**Problem to work on**
What you should give back is a precise copy of the lines below from the one containing "Birthday born in" through the one containing "Remy’s Ratatouille Adventure Schild 2021", with no pictures.

**Material for this exercise**
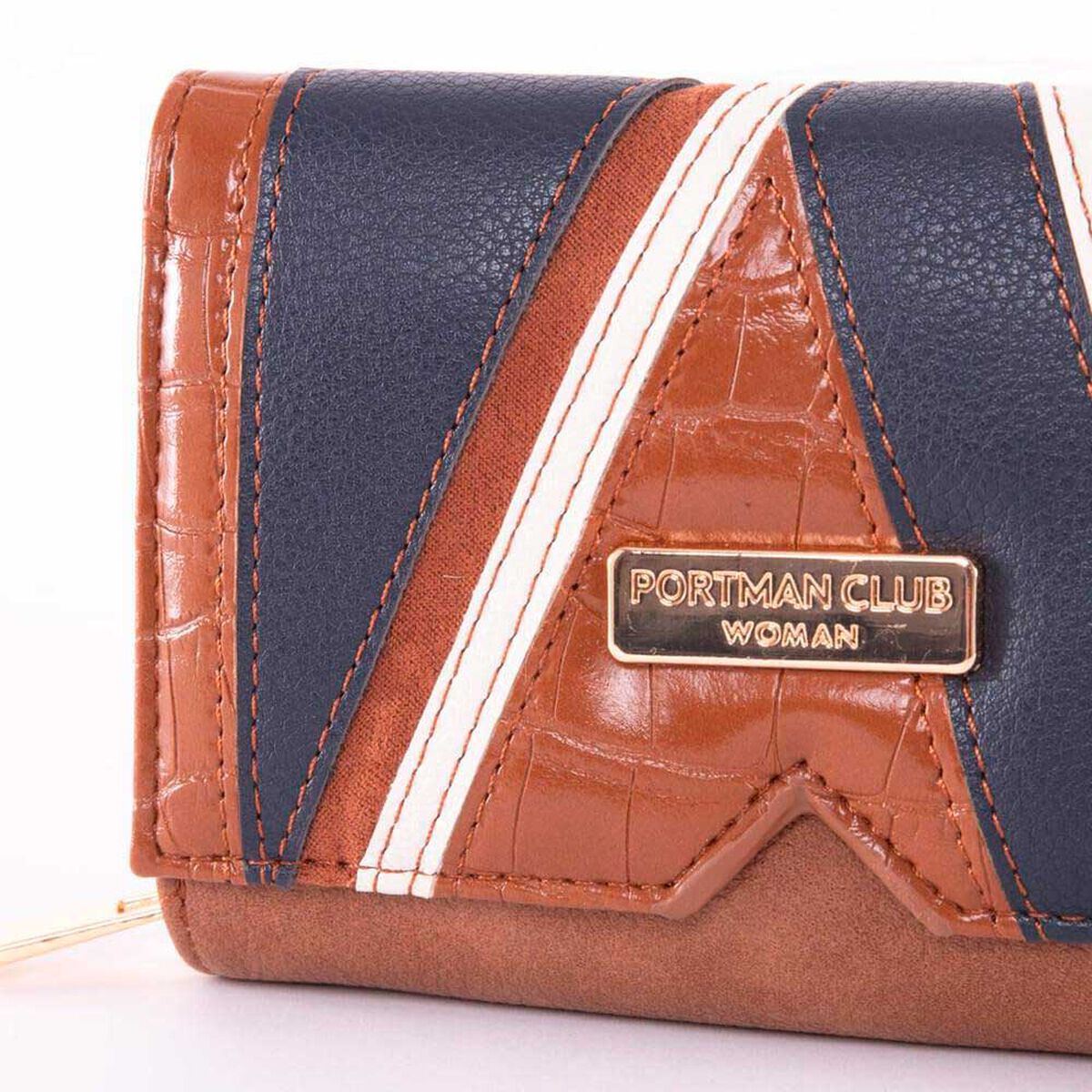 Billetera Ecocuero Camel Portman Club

* * *

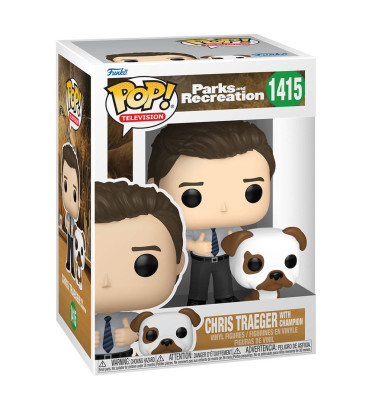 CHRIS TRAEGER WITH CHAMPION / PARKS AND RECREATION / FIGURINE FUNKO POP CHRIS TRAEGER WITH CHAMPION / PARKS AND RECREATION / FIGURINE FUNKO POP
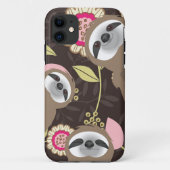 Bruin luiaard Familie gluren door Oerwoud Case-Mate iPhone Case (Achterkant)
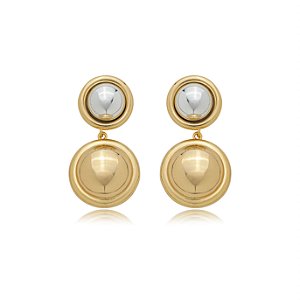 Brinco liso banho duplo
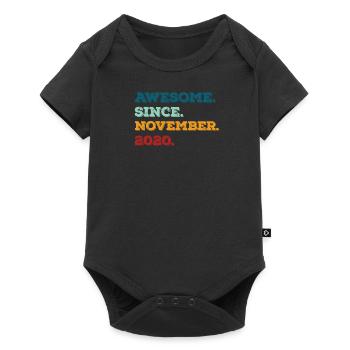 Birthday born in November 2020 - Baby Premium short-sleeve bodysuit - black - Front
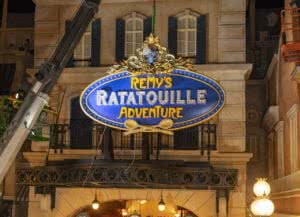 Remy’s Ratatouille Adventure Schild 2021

**Reply**
 Birthday born in November 2020 - Baby Premium short-sleeve bodysuit - black - Front
 Remy’s Ratatouille Adventure Schild 2021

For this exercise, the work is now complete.